Hamish Bond est sans doute le
personnage le plus intéressant et le plus riche
-- parce qu’il est aussi le plus « walshien ».
Homme hanté par un passé plus que trouble (il a pratiqué la traite négrière),
c’est un homme d’action capable de remettre en cause ce qui est acquis et de
repartir à zéro avec panache (il brûle son domaine plus par bravade que par conviction), un individualiste généreux
porté davantage vers les hommes que vers les institutions -- ce
héros américain que Walsh aimait tant à mettre en scène. Mais Bond porte aussi
en lui le poids d’une faute passée qui débouche sur une forme de désenchantement
qui sera la marque du Walsh des dernières années --
mélange de méditation romantique et d’héroïsme serein.

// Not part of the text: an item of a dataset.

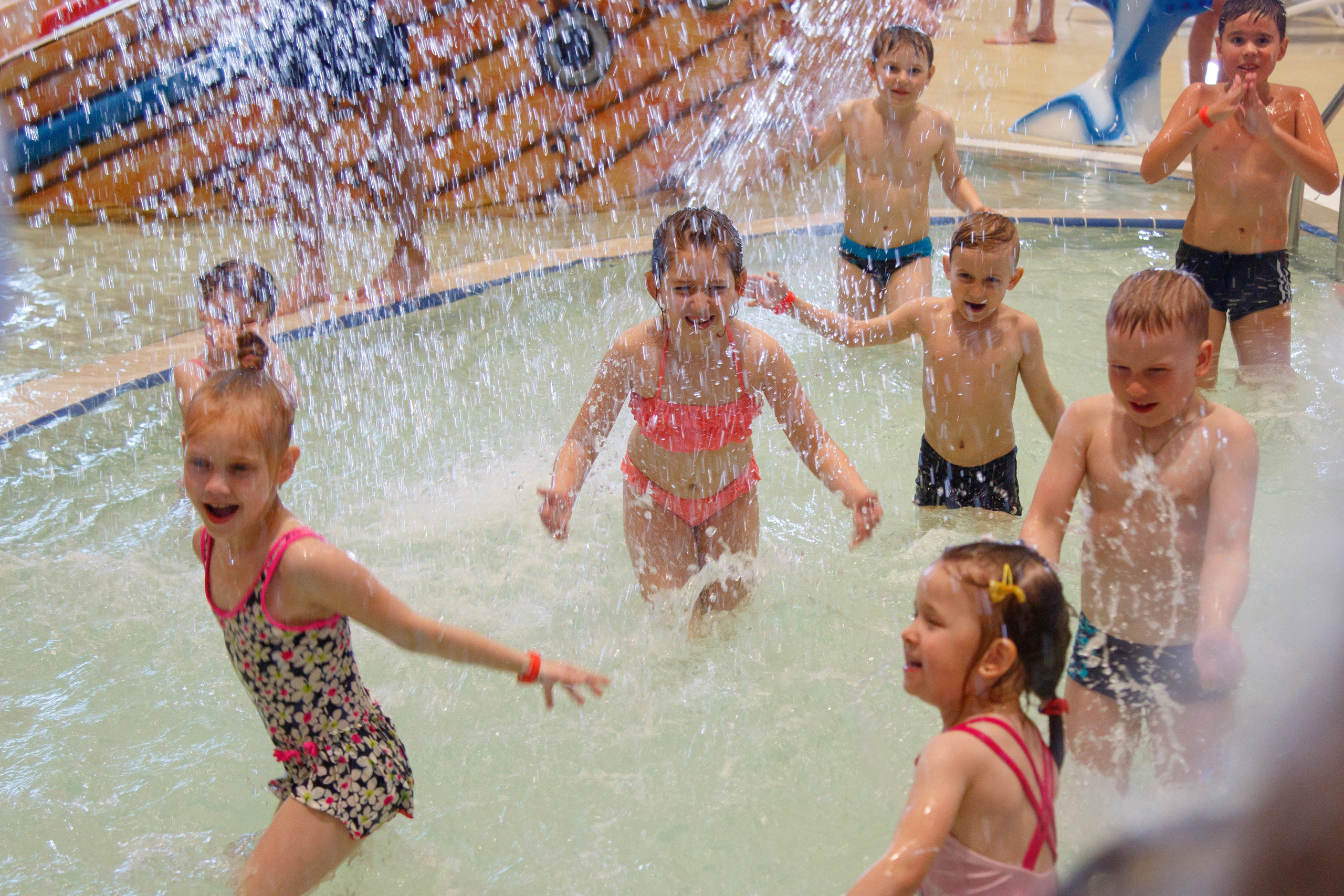 Съемки рекламы для аквапарка «ЛЕТОЛЕТО». Фотограф Авилова Дарья ● Тюмень● Съемка больших семей ●Архив поколений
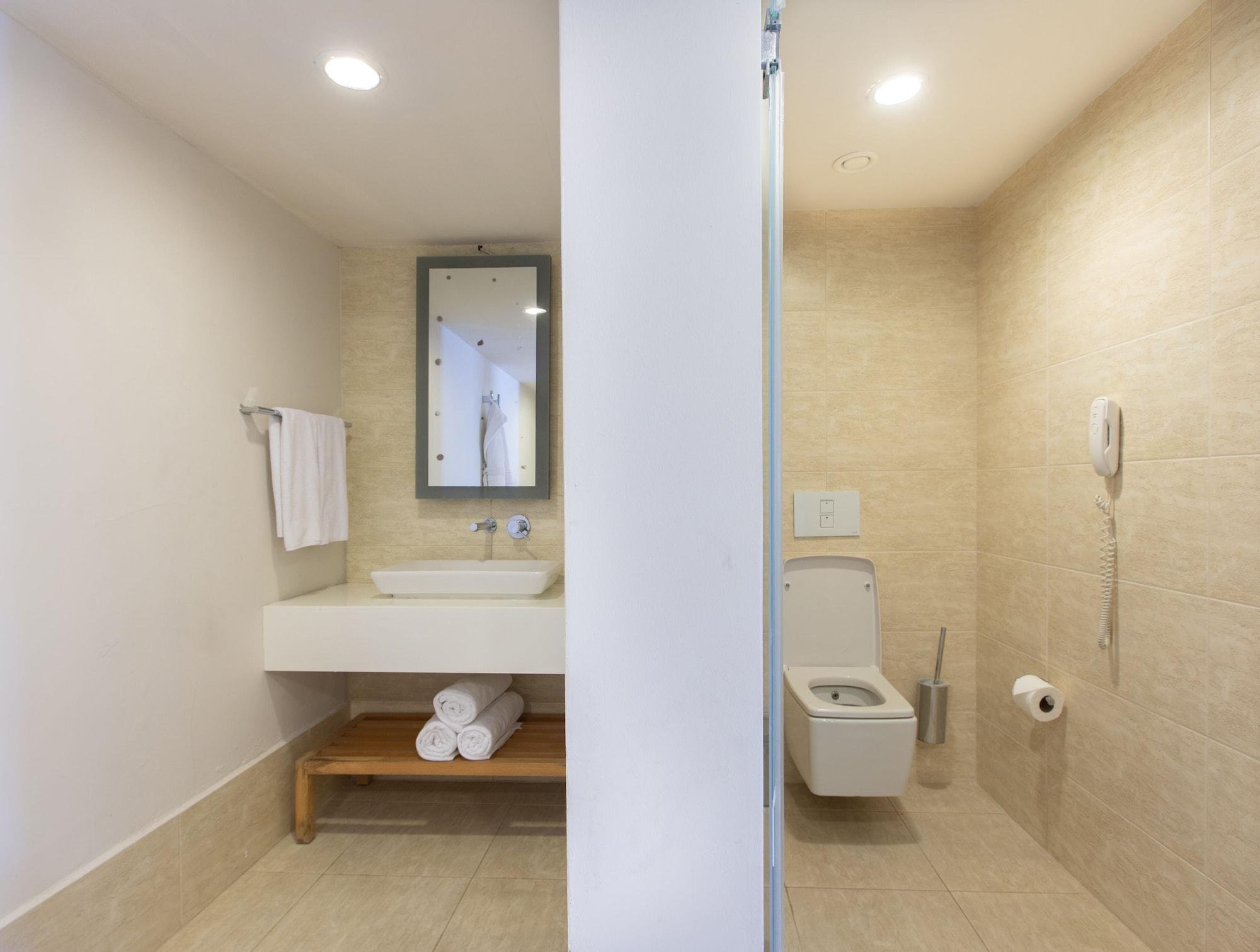 Senses - Adults Only 4*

Certes le caractère cruellement
inhumain du système esclavagiste est laissé volontairement hors-champ (mais
sans être pour autant ignoré) puisque Hamish Bond est un maître bon et généreux,
étranger à toute forme de sévices. Certaines séquences (l’arrivée à la
Pointe-du-Loup par exemple, avec chariot fleuri et chœur des esclaves), si l’on
refuse de les replacer dans leur époque, peuvent prêter à sourire par leur
naïveté bon enfant -- ou à se scandaliser de ce que l’on
interprètera, à tort me semble-t-il, comme une forme ultime de rouerie. Car
Walsh montre vite et bien qu’il n’est pas dupe d’une certaine imagerie
paternaliste quand le personnage de Rau-Ru, esclave éduqué explique que la
générosité peut être pire que le fouet
-- exprimant un point de vue
étonnamment moderne et radical pour l’époque. Ainsi les trois personnages
principaux apparaissent-ils tout à la fois complexes et ambigus --
l’esclave blanche qui ne veut pas être confondue avec une femme noire,
le trop bon maître au passé fort peu recommandable, l’esclave libéré dont la
rigidité cache mal les tourments intérieurs. Rien de militant là-dedans, ce
n’est pas le genre de la maison, mais la parfaite description de trois
tempéraments à leur plus juste extrémité. L’inévitable happy end ne parvient pas tout à fait à dissimuler la tonalité
assez sombre du propos. Mais comme le disait Walsh lui-même en 1972 :
« Il y a quelques années le mot d’ordre était : L’exploitant refusera tout film qui n’a pas une fin heureuse et le
public n’admettra pas que le héros et l’héroïne ne puissent filer le parfait
bonheur »[2].
A voir aujourd’hui le finale de Django
Unchained on se dit que les temps n’ont peut-être guère changé.